3) In 1971, after nearly four decades of artificially low gold prices due to government price controls, Nixon broke the last of the gold standard for foreign holders of dollars. Dollars could now be converted to gold by nobody. You see the gold price spike the first couple years as it adjusted for the prior price controls. After that, I believe it was simply responding to the very high inflation. The dollar also this year begins a very big decline. By the end of the 1970s the dollar bought about only 50% of what it did in the early 1970s. By today it’s lost something around 80% of its purchasing power.

4) Gold is not volatile. It’s a piece of metal. It is only volatile against the currencies it is priced in which are the real culprits. Price spikes in gold are more of a reflection in the value of the dollar than anything. Gold is a form of money and people buy it when they think the dollar is going to have problems keeping its value.

Now back to the chart in general. This chart is misleading for several reasons:

1) The data going back to 1802 is suspect to me. Nobody could have invested that way if they wanted to even if the data is accurate (which is another debate). This chart is what stock bugs use to justify why you only need to own stocks. It’s as bad as when a gold bug shows you a chart of gold vs. the dollar and insists you only need to own gold. No, you need to own a variety of assets like the Permanent Portfolio. Concentrating your bets in any one asset is a bad idea.

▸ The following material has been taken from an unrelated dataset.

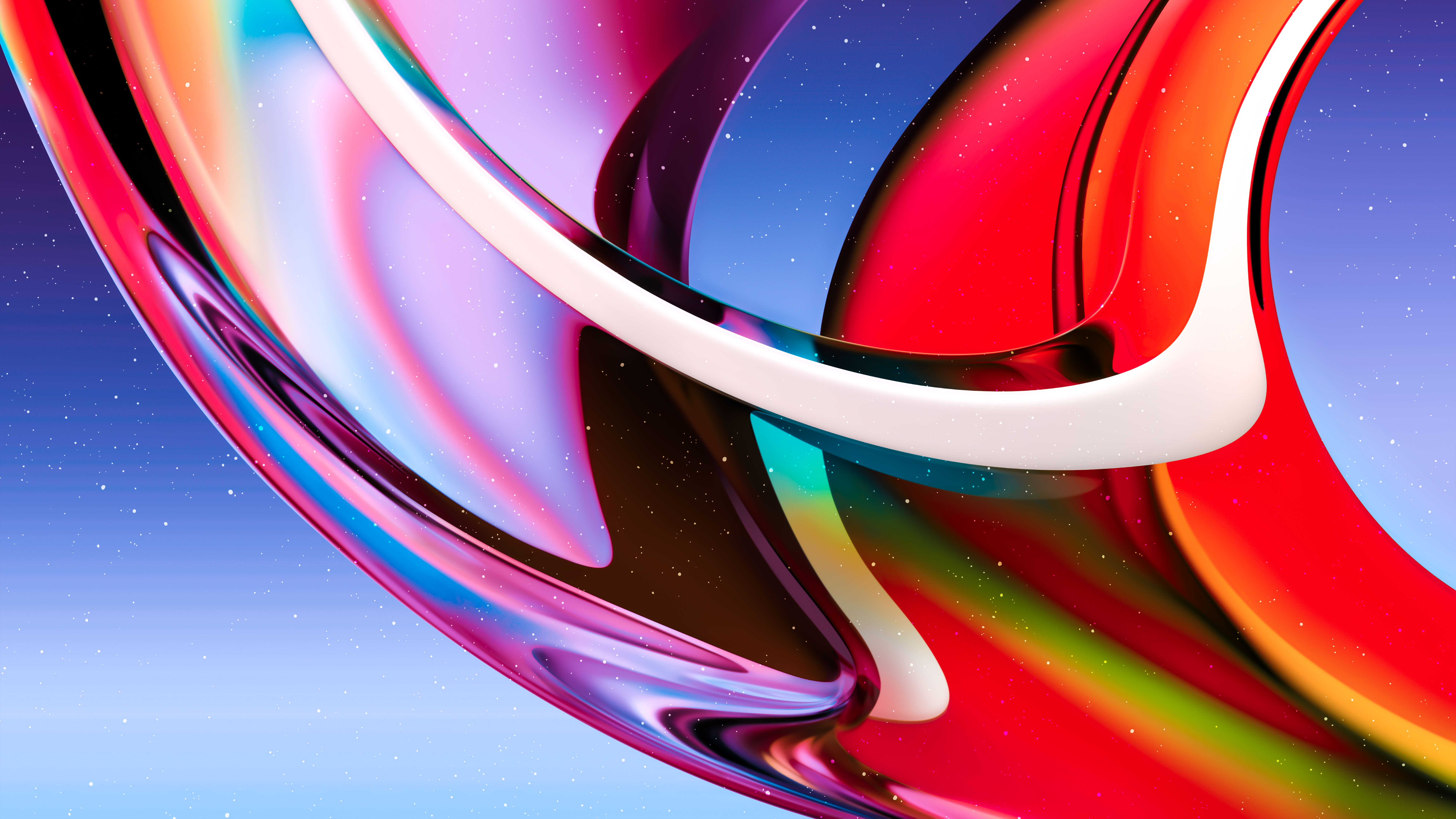 Abstract digital art with colorful swirls HD Wallpaper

2) Nobody lives for 200 years. An investor’s timeline is like 30-40 years before they need the money. Stocks have had extended periods of bad performance in the past and this makes total returns very time dependent on the individual level.

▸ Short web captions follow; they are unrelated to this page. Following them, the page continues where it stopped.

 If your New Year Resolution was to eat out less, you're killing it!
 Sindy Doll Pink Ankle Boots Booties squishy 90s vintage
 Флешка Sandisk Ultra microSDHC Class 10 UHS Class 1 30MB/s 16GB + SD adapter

3) Gold doesn’t have interest and dividends. This is a statement of the obvious. But it has much different risks than stocks and bonds and that means it is still useful in a portfolio. The same economic factors that are horrible for stocks and bonds can be quite good for gold and vice versa. That simply means you own gold as part of a diversified portfolio and not 100%.

4) This chart also shows that over 200 years gold has had a remarkably good record of stability in terms of preserving purchasing power. This is quite remarkable when you consider the history of the US, the wars, the booms, the busts, etc. that have happened. How many companies from 1802 are still around today?

5) Gold in a diversified portfolio can increase returns, decrease volatility, decrease risk, and provide protection under serious currency problems. All good things in my book.

This chart doesn’t make the case that gold shouldn’t be owned to me. It basically makes the case that owning a lot of different assets with different risk profiles is a really good idea. Stocks can be very powerful when the economy favors them, but when it doesn’t they can languish with big losses or zero real returns for protracted periods. A portfolio with stocks, bonds, cash and gold however can weather just about anything the economy is throwing at it. Diversification is your friend.